Wnt7a is an important protein in the Wnt signaling pathway. A number of studies have shown that Wnt7a plays an oncogenic or anticancer role in a variety of tumors. Currently, the studies on Wnt7a and colorectal cancer are still in the preliminary stage, so the study on its influence on the occurrence and development of colorectal cancer may provide a new idea for the diagnostic treatment of colorectal cancer.

The conclusion of this study suggests that the positive expression of Wnt7a in colon adenocarcinoma is significantly higher than that in colorectal adenoma and normal colorectal mucosa. In addition, by studying the relationship between Wnt7a and clinical pathological parameters of colorectal cancer, it suggests that Wnt7a can be used as a reference index to evaluate the malignant degree and metastasis of colorectal cancer, and provide a reference for the prognosis of colorectal cancer. However, the number of experimental studies is small, the results of research may have some deviation, and follow up studies have not been done. Therefore, the prognosis cannot be accurately evaluated and further optimization is needed. In addition, to investigate the potential role of Wnt7a in colon cancer tumorigenesis, Wnt7a was silenced in the colon cancer cell lines HT29 and HT116. Real-time PCR confirmed that shWnt7b and shWnt7c effectively silenced Wnt7a expression at mRNA levels. Thus, we surmise that Wnt7α plays a key role in the transformation process from adenoma to carcinoma by promoting cancer cell growth and metastasis. In this study, siRNAs specific to Wnt7A were transfected into 2 colon cancer cell lines. Real-time PCR was used to verify the knockdown efficiency. Then, sphere formation experiment and plate clone formation experiment were carried out in vitro to verify the effect of Wnt7a on the growth of colon cancer cells.
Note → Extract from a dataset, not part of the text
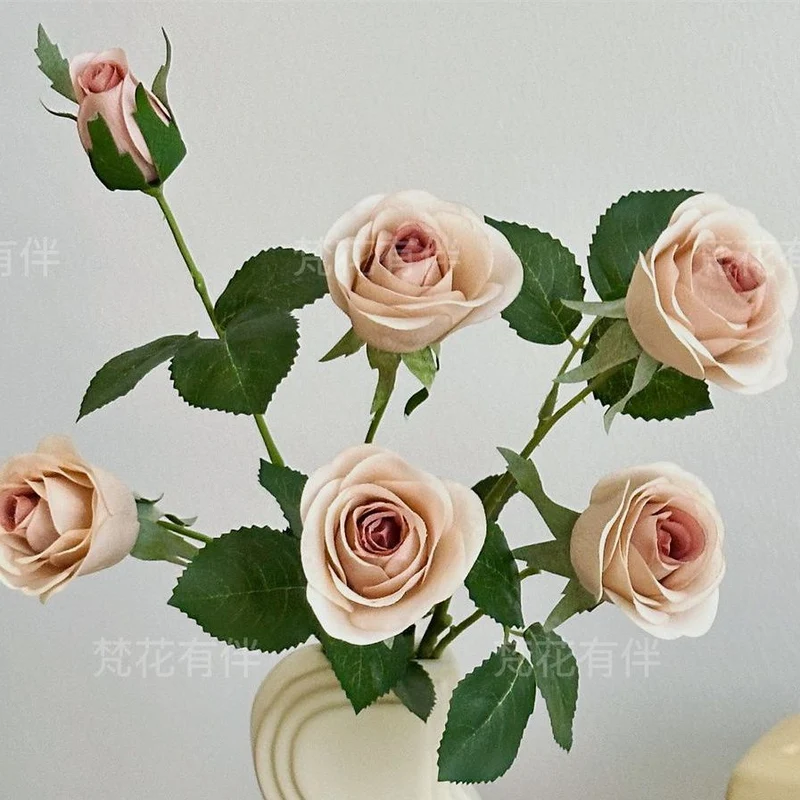 Realistische Künstliche Rosenarrangement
After knockdown of Wnt7A, the proliferation rate of colorectal cancer cells was slowed down and the ability of clone formation was reduced, which proved that Wnt7A could promote the growth of colorectal cancer cells.
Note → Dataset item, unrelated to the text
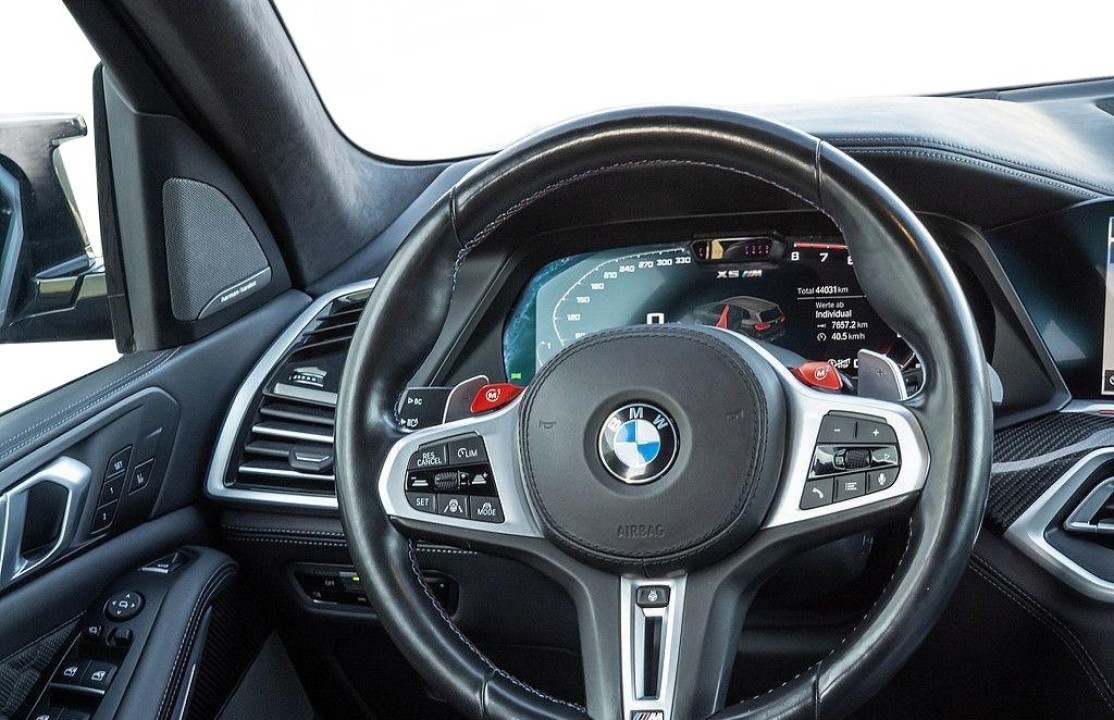 BMW X5 M Competition - foto 9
The results of this study only reveal associations, and further study is necessary to investigate the potential mechanism of Wnt7a in CRC development.
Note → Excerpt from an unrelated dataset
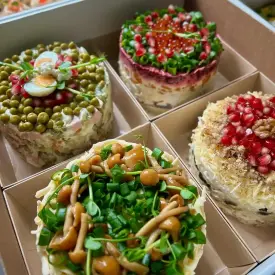 Бокс из бенто-салатов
Data Availability Statement

The data used during the current study are available from the corresponding author on reasonable request.

Ethics Statement

This study was approved by the Medical Ethics Committee of Beijing Tiantan Hospital, Capital Medical University, Beijing, China. Written informed consent to participate in this study was obtained from all patients at the time of admission.

Author Contributions

CL and XD contributed equally to this work. All authors contributed to the article and approved the submitted version.

Conflict of Interest

The authors declare that the research was conducted in the absence of any commercial or financial relationships that could be construed as a potential conflict of interest.